Table 2 provides the 10 countries for which we have the largest number of market price series. We found a fair bit of variability in the number of significant correlations by country. For example, Nigeria, Somalia and Niger all revealed significant correlations between price increases and NDVI peak height for a large percentage of their markets (50%, 42% and 33%, respectively), while only 11% of the markets in Burundi revealed significant correlations.
5.3. Correlation between the amount of accumulated evapotranspiration at peak vegetation and prices
When we calculated the correlation between the peak timing in accumulated evapotranspiration and actual price values at their annual peak, we found a high number of markets with significant correlation, especially for millet. Beans revealed the lowest number of markets with significant correlation (16%). When we investigate the correlations by country, we find the largest number of significant correlations in Mali (Table 4), where 48% of the market price series correlate significantly with the peak timing in evapotranspiration units. Kenya and Burkina Faso also show a large number of significant correlations (45% and 40%). The lowest number of significant correlations was found in Tanzania, where only 15% of market price series correlated significantly with the amount of accumulated evapotranspiration at peak timing.
In Sub-Saharan Africa, rice is the dominant commodity that appears to reflect changes in world prices (Kelly et al., 2008). Consequently, it is profitable to import rice, while arbitrage opportunities for grain trade are significantly lower. Further, several countries (many in West Africa) consume rice, but need to import rice to meet domestic consumption needs. Thus, our lack of correlation between rice price series and NDVI in the surrounding regions appears reasonable (Table 1 and 3). Millet is one of the products that can be grown in semi-arid zones and is most widely available (Brown, 2008). The ability of millet to grow in semi-arid zones likely results in the higher number of markets that reveal significant correlations between prices and evapotranspiration (Table 3).

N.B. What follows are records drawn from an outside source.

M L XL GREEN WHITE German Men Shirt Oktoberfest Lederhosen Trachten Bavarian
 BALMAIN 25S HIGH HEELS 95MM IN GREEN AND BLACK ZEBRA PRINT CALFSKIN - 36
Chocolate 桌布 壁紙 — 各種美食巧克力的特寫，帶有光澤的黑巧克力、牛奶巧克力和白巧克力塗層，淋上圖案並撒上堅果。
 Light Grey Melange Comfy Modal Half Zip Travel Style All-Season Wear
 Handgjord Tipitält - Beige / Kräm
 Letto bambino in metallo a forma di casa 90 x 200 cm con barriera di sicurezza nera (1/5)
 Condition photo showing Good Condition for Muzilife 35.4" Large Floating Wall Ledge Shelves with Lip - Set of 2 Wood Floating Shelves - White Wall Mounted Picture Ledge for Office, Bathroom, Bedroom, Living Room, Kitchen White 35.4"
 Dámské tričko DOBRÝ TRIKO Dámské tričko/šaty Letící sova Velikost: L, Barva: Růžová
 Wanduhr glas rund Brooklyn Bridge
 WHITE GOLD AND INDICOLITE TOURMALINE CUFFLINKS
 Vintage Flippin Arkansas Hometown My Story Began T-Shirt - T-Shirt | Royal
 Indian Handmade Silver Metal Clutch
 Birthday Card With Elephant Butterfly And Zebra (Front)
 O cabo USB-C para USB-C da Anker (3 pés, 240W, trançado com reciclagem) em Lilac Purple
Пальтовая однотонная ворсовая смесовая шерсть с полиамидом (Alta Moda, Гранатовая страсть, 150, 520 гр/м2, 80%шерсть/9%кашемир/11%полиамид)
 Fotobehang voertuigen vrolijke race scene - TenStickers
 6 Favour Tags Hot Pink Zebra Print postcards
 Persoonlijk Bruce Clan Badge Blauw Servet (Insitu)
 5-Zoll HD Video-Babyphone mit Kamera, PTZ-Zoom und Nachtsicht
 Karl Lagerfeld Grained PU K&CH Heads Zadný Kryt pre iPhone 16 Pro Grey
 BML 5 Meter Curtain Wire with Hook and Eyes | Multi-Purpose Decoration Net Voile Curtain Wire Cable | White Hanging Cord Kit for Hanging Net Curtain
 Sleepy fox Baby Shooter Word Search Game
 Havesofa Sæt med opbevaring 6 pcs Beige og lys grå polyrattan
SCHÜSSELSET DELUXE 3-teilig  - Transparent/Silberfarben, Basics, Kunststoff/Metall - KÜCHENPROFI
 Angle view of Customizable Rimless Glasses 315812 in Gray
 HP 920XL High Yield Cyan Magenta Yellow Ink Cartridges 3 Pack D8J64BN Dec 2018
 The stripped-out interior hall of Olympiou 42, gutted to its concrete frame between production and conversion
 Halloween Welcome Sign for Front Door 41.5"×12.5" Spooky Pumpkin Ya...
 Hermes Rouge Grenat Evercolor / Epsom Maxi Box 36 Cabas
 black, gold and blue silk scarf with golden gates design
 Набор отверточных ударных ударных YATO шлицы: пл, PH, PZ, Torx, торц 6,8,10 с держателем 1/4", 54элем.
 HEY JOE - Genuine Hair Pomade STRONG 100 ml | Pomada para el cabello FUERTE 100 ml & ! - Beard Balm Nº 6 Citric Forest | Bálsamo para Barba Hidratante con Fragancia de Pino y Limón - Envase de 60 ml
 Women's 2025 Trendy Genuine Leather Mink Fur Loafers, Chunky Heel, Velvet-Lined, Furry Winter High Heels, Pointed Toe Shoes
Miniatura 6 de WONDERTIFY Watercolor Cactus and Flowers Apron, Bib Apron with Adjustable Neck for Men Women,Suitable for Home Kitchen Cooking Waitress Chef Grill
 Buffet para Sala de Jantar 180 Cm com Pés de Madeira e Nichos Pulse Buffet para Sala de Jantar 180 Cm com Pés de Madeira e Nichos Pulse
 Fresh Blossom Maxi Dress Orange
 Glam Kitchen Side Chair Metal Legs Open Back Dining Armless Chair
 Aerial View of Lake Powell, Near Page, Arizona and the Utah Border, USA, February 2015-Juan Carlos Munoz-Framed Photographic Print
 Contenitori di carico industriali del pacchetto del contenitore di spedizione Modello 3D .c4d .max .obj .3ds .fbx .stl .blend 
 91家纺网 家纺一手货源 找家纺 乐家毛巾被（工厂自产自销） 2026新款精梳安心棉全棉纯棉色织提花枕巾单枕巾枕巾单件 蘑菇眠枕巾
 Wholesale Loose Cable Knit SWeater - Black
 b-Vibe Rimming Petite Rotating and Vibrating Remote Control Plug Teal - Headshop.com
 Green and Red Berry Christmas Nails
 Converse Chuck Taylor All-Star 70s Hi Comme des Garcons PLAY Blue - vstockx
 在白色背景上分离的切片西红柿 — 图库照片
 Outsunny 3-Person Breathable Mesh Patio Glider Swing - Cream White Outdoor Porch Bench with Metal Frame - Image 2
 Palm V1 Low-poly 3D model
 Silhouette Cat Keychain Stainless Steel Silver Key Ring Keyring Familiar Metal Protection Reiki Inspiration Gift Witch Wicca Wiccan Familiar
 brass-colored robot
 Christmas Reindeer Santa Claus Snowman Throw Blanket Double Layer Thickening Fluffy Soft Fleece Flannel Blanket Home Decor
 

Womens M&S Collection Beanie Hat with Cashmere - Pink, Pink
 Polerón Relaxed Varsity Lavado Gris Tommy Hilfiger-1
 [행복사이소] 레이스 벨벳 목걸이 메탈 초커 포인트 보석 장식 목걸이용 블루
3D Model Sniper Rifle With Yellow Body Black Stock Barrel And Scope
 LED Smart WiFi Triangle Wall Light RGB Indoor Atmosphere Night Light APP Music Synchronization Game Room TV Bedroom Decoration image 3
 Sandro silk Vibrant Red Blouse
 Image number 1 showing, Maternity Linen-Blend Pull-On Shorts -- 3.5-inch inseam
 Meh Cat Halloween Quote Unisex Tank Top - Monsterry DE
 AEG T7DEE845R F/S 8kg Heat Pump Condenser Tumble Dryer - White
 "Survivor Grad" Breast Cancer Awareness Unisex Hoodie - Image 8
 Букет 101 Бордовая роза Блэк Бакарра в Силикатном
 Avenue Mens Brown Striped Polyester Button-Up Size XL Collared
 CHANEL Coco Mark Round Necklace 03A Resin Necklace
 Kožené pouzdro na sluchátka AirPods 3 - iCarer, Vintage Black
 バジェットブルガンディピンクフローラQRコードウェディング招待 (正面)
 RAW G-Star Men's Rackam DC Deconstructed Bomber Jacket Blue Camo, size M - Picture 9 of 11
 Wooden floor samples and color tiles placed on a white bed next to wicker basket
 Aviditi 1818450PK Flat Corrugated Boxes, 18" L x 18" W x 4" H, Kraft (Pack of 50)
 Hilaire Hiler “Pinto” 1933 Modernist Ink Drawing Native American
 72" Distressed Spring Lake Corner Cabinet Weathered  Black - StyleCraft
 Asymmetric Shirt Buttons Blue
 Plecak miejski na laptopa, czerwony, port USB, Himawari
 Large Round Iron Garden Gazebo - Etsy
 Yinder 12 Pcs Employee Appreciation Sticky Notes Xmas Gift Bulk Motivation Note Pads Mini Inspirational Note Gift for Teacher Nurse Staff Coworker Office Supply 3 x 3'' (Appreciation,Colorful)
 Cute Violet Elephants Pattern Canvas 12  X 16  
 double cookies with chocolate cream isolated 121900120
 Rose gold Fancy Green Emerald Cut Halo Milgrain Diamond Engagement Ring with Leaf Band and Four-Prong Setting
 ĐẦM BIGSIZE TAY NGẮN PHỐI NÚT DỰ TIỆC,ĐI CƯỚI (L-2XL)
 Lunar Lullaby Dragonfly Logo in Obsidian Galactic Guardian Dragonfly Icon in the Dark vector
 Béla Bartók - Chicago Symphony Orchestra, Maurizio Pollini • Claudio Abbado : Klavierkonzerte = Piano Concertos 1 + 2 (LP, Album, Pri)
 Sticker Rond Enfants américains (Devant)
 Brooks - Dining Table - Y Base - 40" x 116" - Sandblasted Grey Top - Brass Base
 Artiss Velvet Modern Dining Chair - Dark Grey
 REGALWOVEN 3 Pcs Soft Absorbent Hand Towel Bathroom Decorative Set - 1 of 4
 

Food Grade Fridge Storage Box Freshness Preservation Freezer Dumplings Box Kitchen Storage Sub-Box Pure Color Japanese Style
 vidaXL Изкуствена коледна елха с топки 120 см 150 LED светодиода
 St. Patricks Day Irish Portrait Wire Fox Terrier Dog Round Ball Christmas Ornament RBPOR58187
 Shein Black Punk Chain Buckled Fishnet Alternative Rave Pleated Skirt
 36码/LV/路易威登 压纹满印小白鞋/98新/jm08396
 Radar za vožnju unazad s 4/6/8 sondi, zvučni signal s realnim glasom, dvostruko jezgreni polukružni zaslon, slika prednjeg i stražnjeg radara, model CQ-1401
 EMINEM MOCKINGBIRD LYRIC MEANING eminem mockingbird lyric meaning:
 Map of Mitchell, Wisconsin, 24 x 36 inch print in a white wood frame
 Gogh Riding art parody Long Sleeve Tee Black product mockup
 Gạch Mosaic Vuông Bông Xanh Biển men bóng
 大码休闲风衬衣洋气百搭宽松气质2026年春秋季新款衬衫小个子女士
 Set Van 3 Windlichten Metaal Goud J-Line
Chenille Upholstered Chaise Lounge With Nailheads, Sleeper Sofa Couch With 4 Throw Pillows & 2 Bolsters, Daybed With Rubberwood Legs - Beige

Eight of the countries investigated are classified as having low food security; Nigeria and Burkina Faso are classified as middle food security (Yu et al., 2010). All have unfavorable climates for agriculture, except for Uganda and Burundi, which also show the lowest amount of correlation between NDVI peak height and price increases (Table 2). It appears that price changes in these two countries are less affected by weather conditions. More than 70% of cereal needs are generally met through domestic production in Mali, Burkina Faso and Niger (Kelly et al., 2008). As a result, food prices tend to rise as a result of production short falls. We found that prices in these countries revealed very high correlation with peak height NDVI (Niger, Table 2) and amount of accumulated evapotranspiration at peak (Mali and Burkina Faso, Table 4).
Preliminary conclusion based on this analysis is that we can get a better understanding of where satellite data could aid in the prediction of local market prices. For example, prices may be driven by different factors in Uganda and Burundi than in Niger and Nigeria. If we combine our knowledge of the effect of large scale climate oscillations on the land surface phenology (Brown et al., 2010) with the links between price time series and land surface phenology, we may be able to get an understanding of where we could predict local prices. Satellite data may be most effective in predicting local prices in poorly integrated markets. Poorly integrated markets are often ‘thin’ markets that have too little supply during times of high demand, such as right before harvest, resulting in food shortages. Seasonal price changes may reflect changes in production; in good years infrastructure and trade contraints reduce the ability of traders to move excess grain out of the area, and in poor years food is not moved into the area.